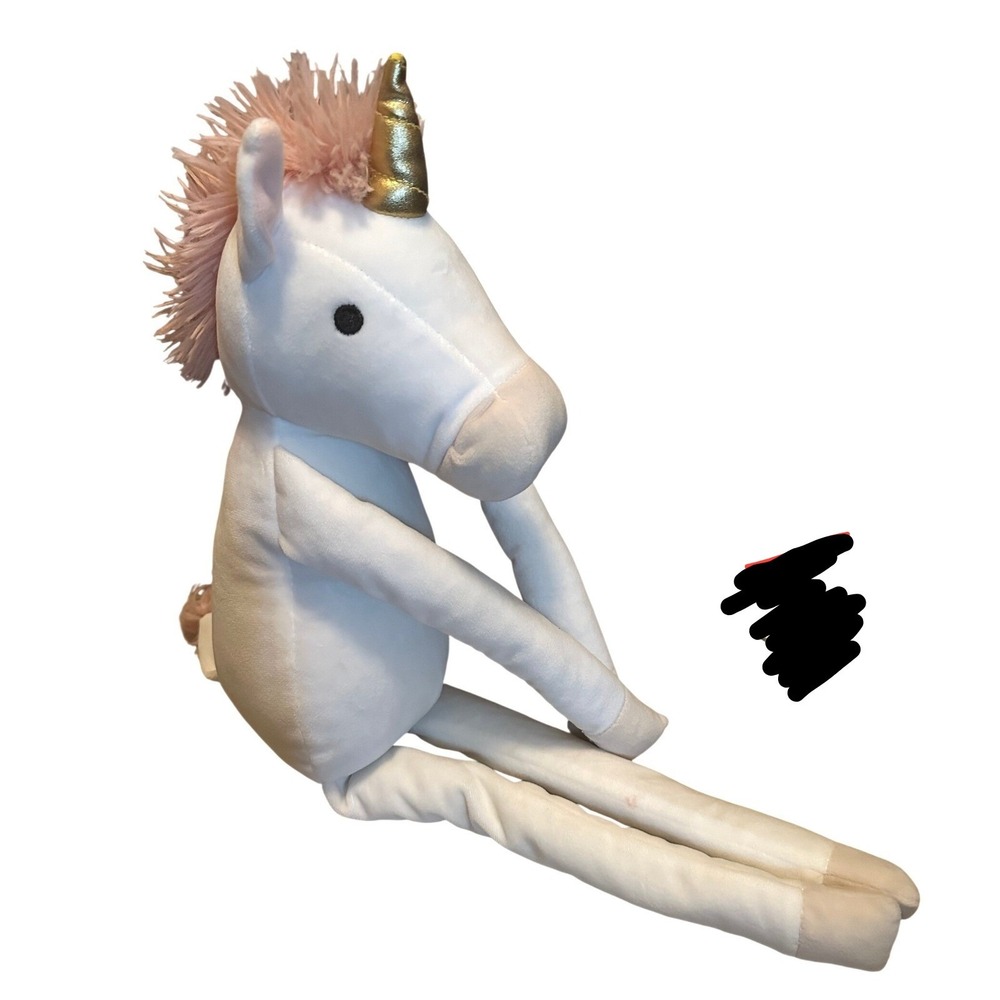 Pillowfort White Unicorn Mini Pillow Plush Gold Horn Pink Mane 22 Inch Toy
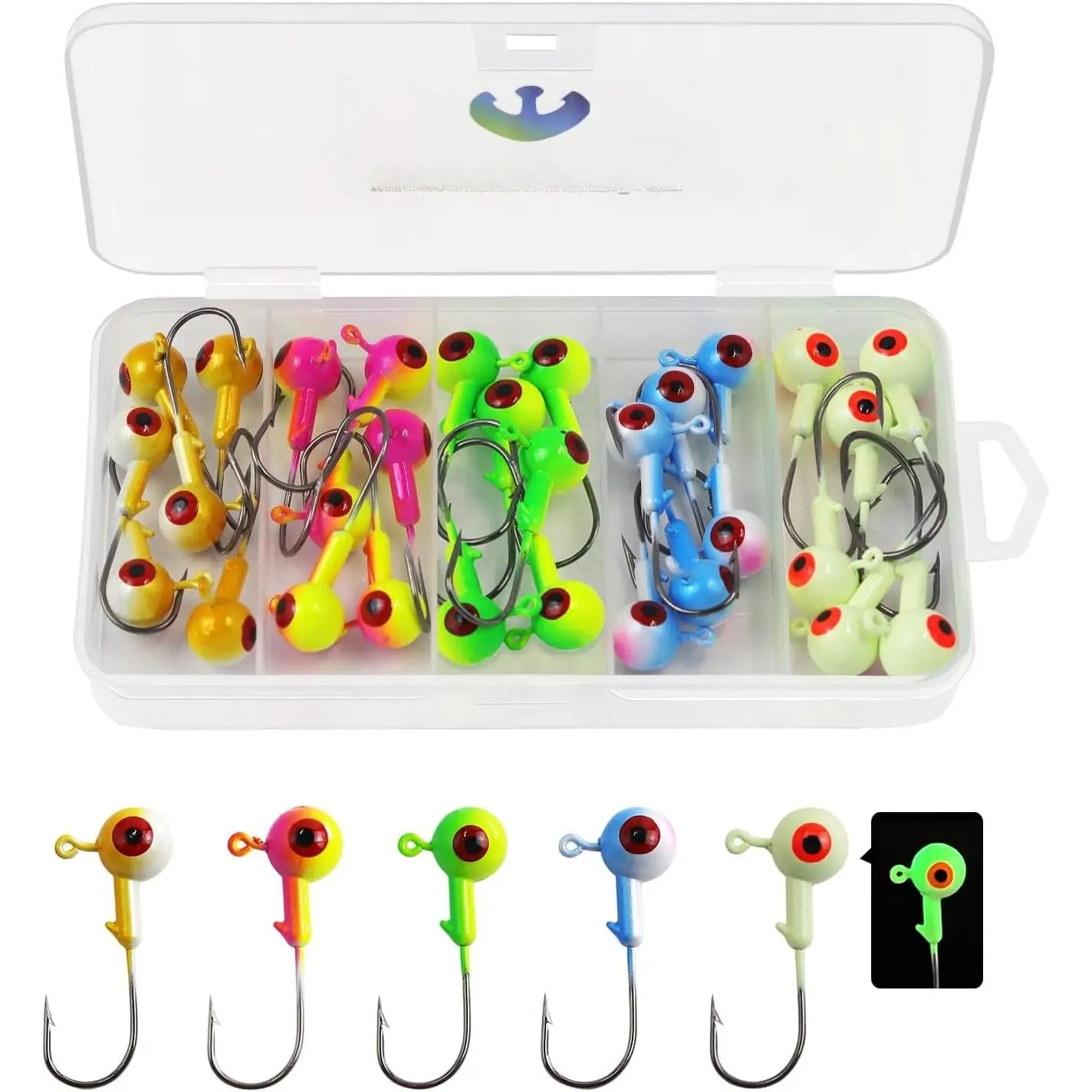 Fishing Jig Heads Assorted Size Round Painted Ball  Hooks for Walleye Bass Trout Crappie Jig Heads Freshwater Saltwater,1/2oz 3/8oz 1/4oz 1/8oz 15-40pcs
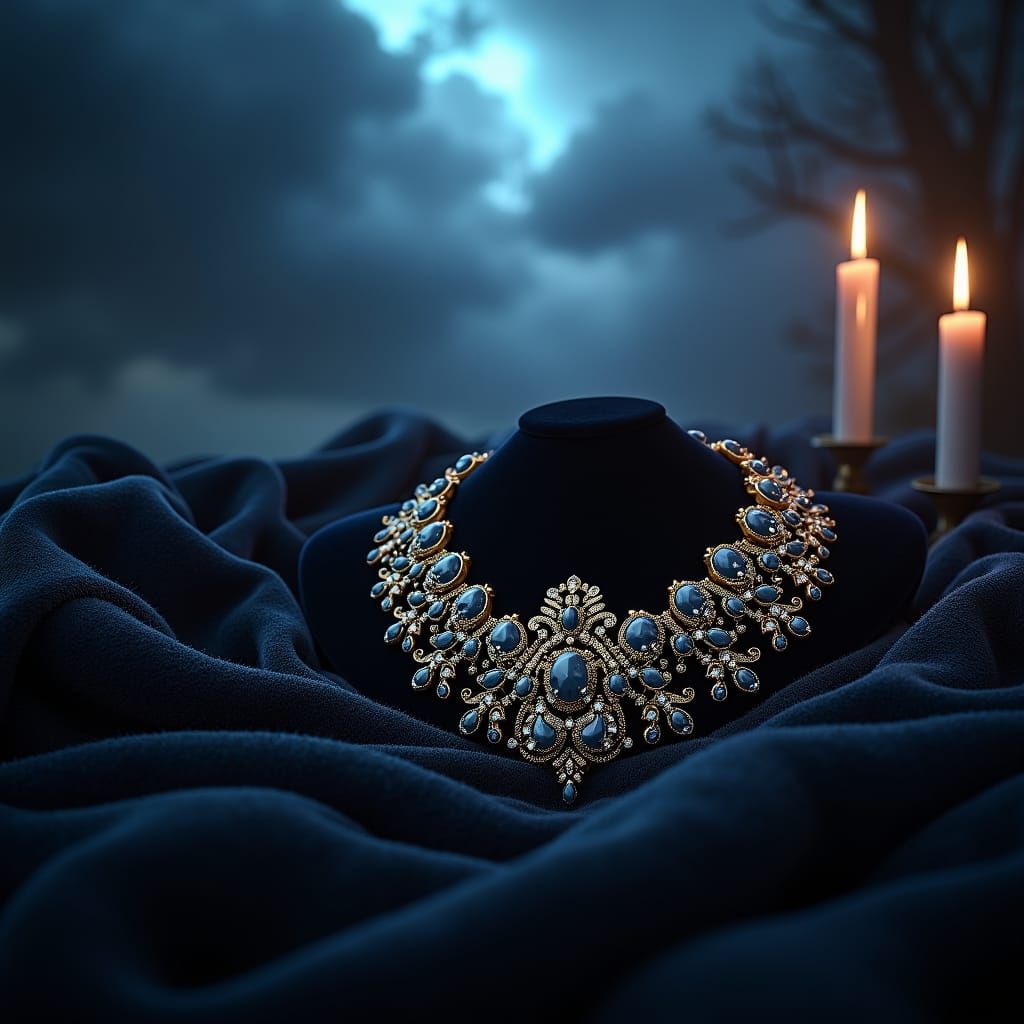 Ornate Black Jewels with Gold Filigree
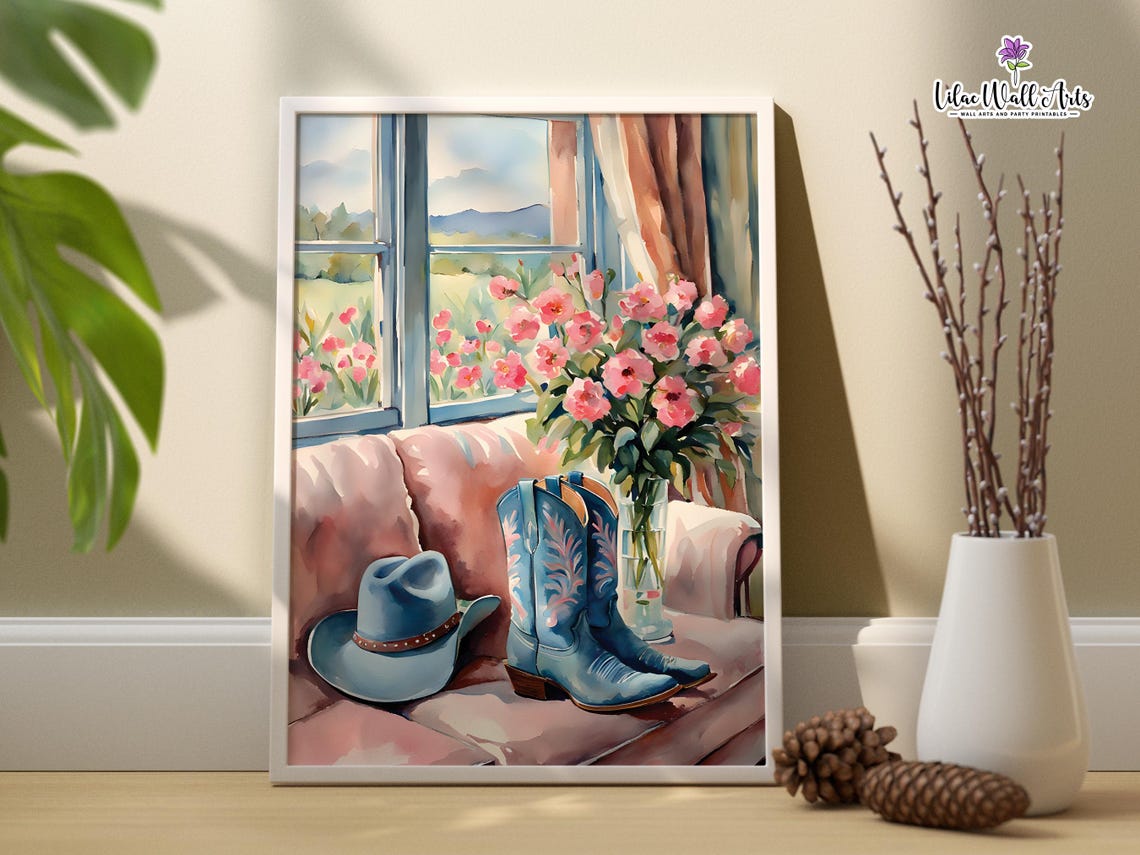 Pink Cowgirl Poster Prints Country Cowgirl Club Gift For Cowgirl Hat Print Coquette Cowgirl Floral Cowgirl Art Print Pink Cowgirl - Image 3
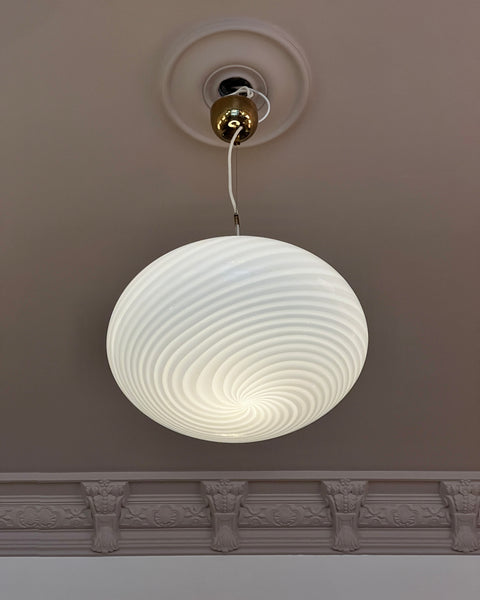 Vintage oval white swirl Murano ceiling lamp (D40)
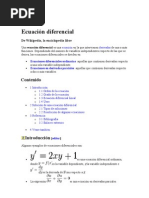 Ecuación Diferencial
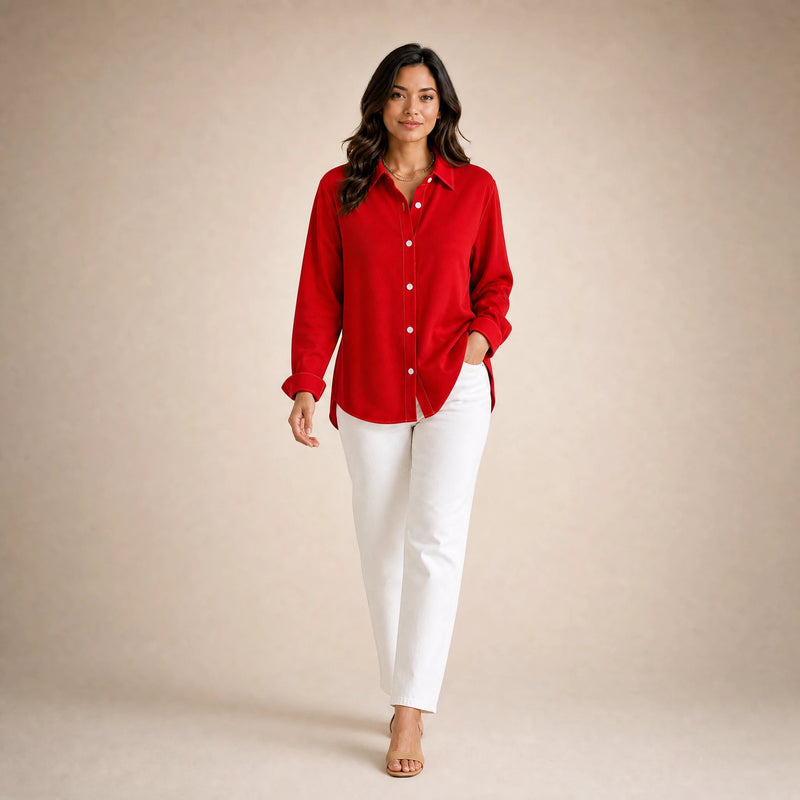 Beatrice | Women's Loose-Fit Linen-Look Blouse in Red, view 3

----

Word for word, restate the lines from the one containing "Pink Cowgirl Poster" through the end of the listing, and nothing more. Skip the pictures.

THE ANSWER:
 Pink Cowgirl Poster Prints Country Cowgirl Club Gift For Cowgirl Hat Print Coquette Cowgirl Floral Cowgirl Art Print Pink Cowgirl - Image 3
 Vintage oval white swirl Murano ceiling lamp (D40)
 Ecuación Diferencial
 Beatrice | Women's Loose-Fit Linen-Look Blouse in Red, view 3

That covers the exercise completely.